WHAT TO PRODUCE ::
Your reply should be the whole listing, copied exactly, with the pictures left out.

DATASET EXTRACT ::
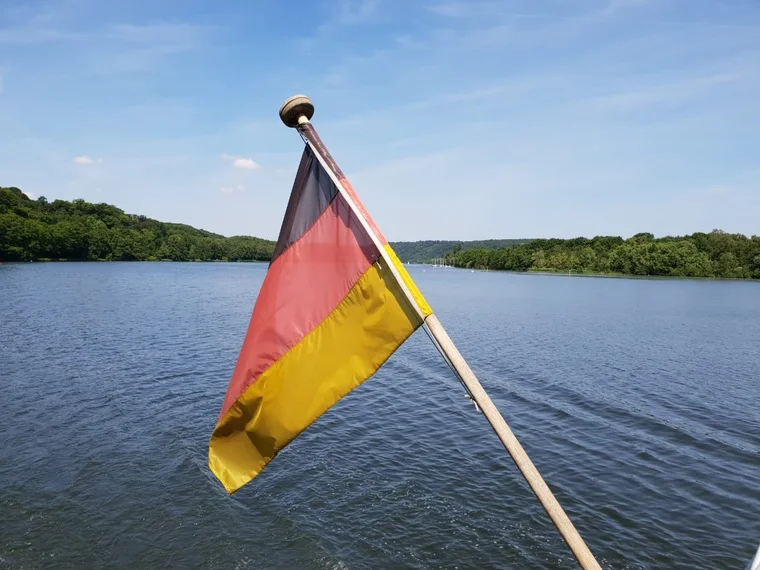 Noch seltener – Eine Deutschlandfahne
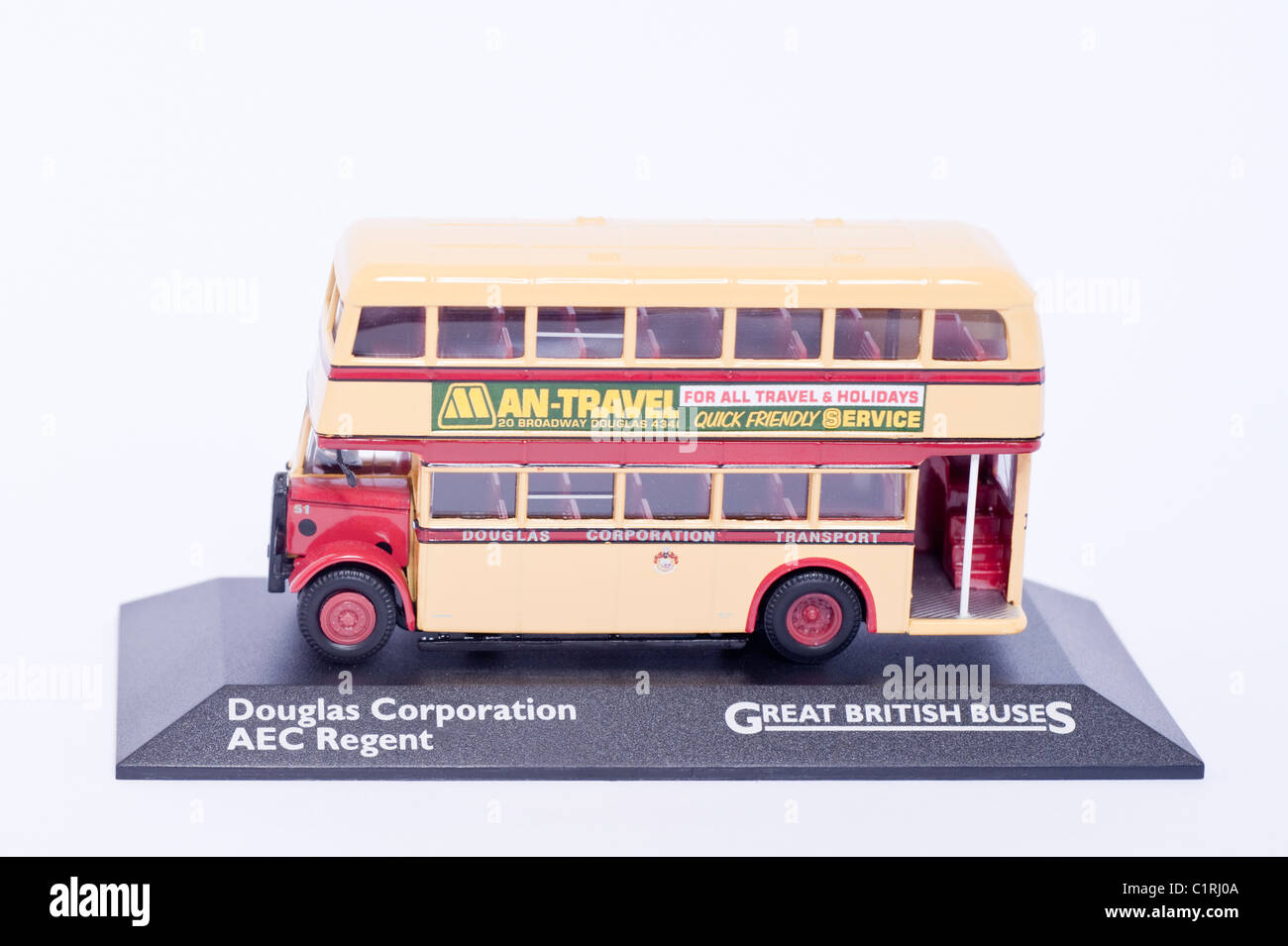 Un modèle Douglas Corporation FIAT 471 Great British bus sur un fond blanc Banque D'Images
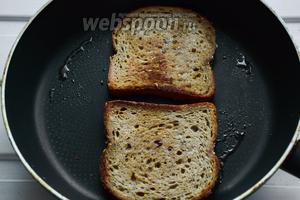 Хлеб для тостов можно поджарить в тостере, но мне больше по душе, добавив ложку подсолнечного масла, обжарить его на сковороде. Он получается таким душистым!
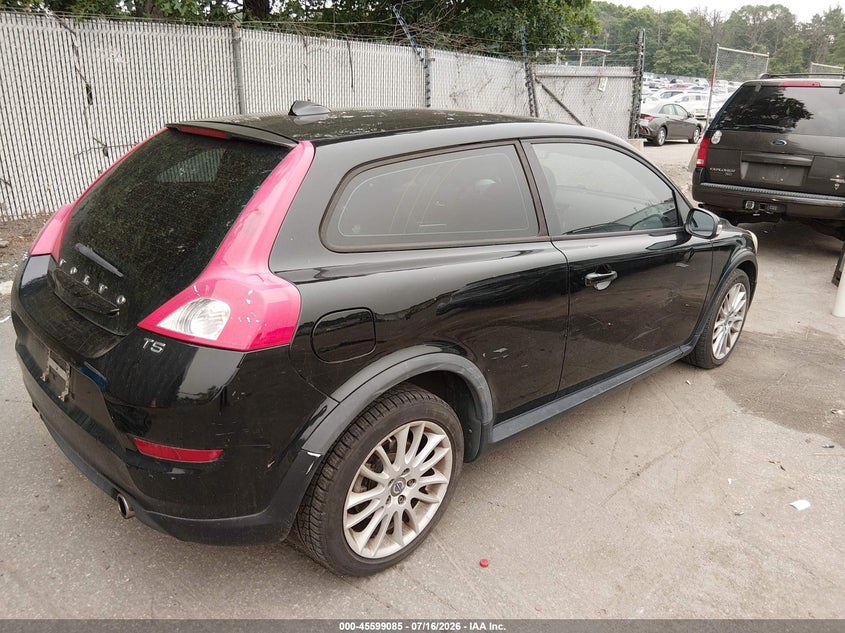 2011 Volvo C30 VIN YV1672MK9B2223703 IAAI salvage auction — REAR END, Mv-907A (New York), sold $525 on 2026-07-28 (photo 4)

YOUR SOLUTION ::
 Noch seltener – Eine Deutschlandfahne
 Un modèle Douglas Corporation FIAT 471 Great British bus sur un fond blanc Banque D'Images
 Хлеб для тостов можно поджарить в тостере, но мне больше по душе, добавив ложку подсолнечного масла, обжарить его на сковороде. Он получается таким душистым!
 2011 Volvo C30 VIN YV1672MK9B2223703 IAAI salvage auction — REAR END, Mv-907A (New York), sold $525 on 2026-07-28 (photo 4)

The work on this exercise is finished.